Rap for many people, comes with different connotations. However, It is very easy to find voices that associate rap with profanity, misogyny, violence and criminal activity – they criminalised rap because of its relation with gang culture. Rap in its essence, is a method of vocal delivery on a beat, standing for rhythm and poetry – these two concepts collide to make rap a powerful force for artistic expression. There’s no denying that the lyrical content in much of rap music is uncompromising, harsh and confrontational. however, these stories are born from areas of immense socioeconomic deprivation and paint a raw reflection of the issues faced by inner-city youth. If you’re not into rap music, it can symbolise everything you don’t want young people hearing. But the truth is, not all RAP music advocates violence and destruction. Rap has become this accommodating space for anyone with a story. Rap music, I believe, is a powerful force to empower those that are disenfranchised and can be an effective tool for education, confidence building and therapy.

Rap is typically linked with at-risk, gang associated young people – predominantly made by males of African and Caribbean descent. Growing up, I’ve always understood rap as a shared language that crosses many cultural barriers and stereotypes – irrespective of race and gender. Rap as a combination of both rhythm and poetry, is a culturally sensitive tool to engaging with the youth that still isn’t been explored by mainstream educational environments.
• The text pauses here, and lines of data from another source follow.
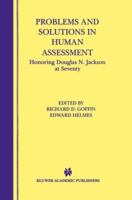 Problems and Solutions in Human Assessment: Honoring Douglas N. Jackson at Seventy 1461369789 Book Cover
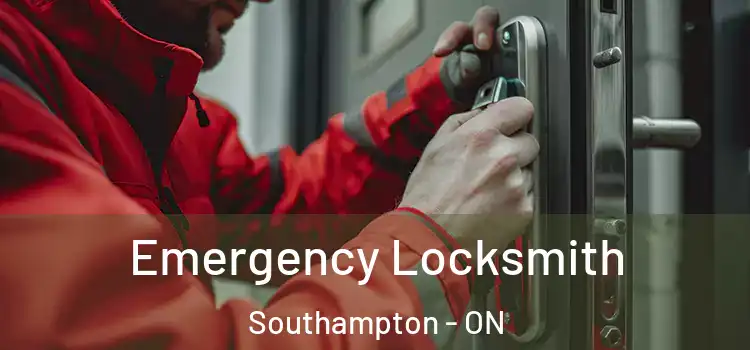Emergency Locksmith Southampton - ON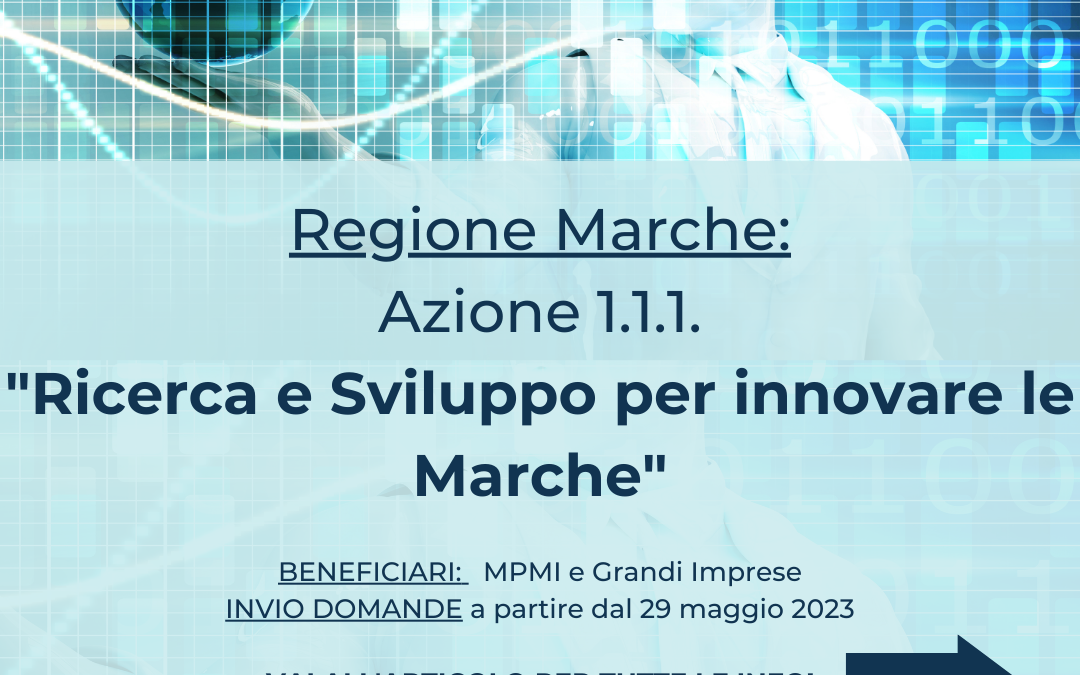Regione Marche: Azione 1.1.1. “Ricerca e Sviluppo per Innovare le Marche”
In fact Rap as a vehicle for creative self-expression is still being censored and stigmatised these same environment – how you supposed to utilise its empowering potential. Rap is a global multibillion-pound industry and is arguably the most, top selling music format – it has taken masses of people out of poverty and been the go-to therapeutic method for loads more youth. All you need is a studio session, a beat and some bars and now you’re on a journey of self-healing and self-discovery. Rap is therapy but still the powers that be reduce it to just violent street jargon. Rap is art, rap is a version of the truth, told by those that the system has silenced – those that have been marginalised. For many people, rap in its essence is about hope, an outlet to depict our environment but also portray and visualise how to make it out.

Psychologists have made use of positive visual imagery therapy in their practice whereby patients are guided to use the power of their imagination to help patients through depression or bipolar episodes. Rap music has so much positive visual imagery, that can really go unnoticed, if you don’t really listen.  As a Rapper myself, I can see how rap became a canvas for me to create the world I wanted for myself and visualise my dreams and aspirations. The draw to rap for me was that I was allowed to be myself unapologetically and that means my trauma, my struggles, wins and battles were all allowed to exist without persecution or question.

Me and my friends grew up using rap to identify, express and visualise. I used to look up to Jay-Z a lot and rap was a vehicle for him to escape poverty and get what he wanted – He made me believe I could do the same. my Mum and the older people around me, treated me writing bars with an understandable distaste and fear – they had heard of how rap could be divisive and its association with gang culture. There’s no denying that rap can be divisive and its influence on the youth to reinforce negative stereotypes can make people fearful. However, the reality is outside, at our doorsteps and there’s no point avoiding this truth. People are suffering from poverty, youth violence is real, drugs, guns and knives are prevalent on the streets because of war and disputes. Rap portrays this reality and for some this may be hard to stomach. I learnt from a very young age that we are in a condition of struggle and we must fight for our survival on many different levels – censoring rap isn’t going to stop this reality.

Rap as an industry continues to grow exponentially, its commercialisation over the last few decades has made it one of the most influential industries in the world but yet it still maintains its ability to be accessible and underground – it’s the voice of the streets. Anyone can rap, you don’t need to be a scientist, you just need to have a story, create some lyrics, make or find a beat. Rap has always been this empowering thing -whether you like it or not, I still feel though, more of us need to understand it as a means of empowerment therapy because a tool is a tool just depends how you use it.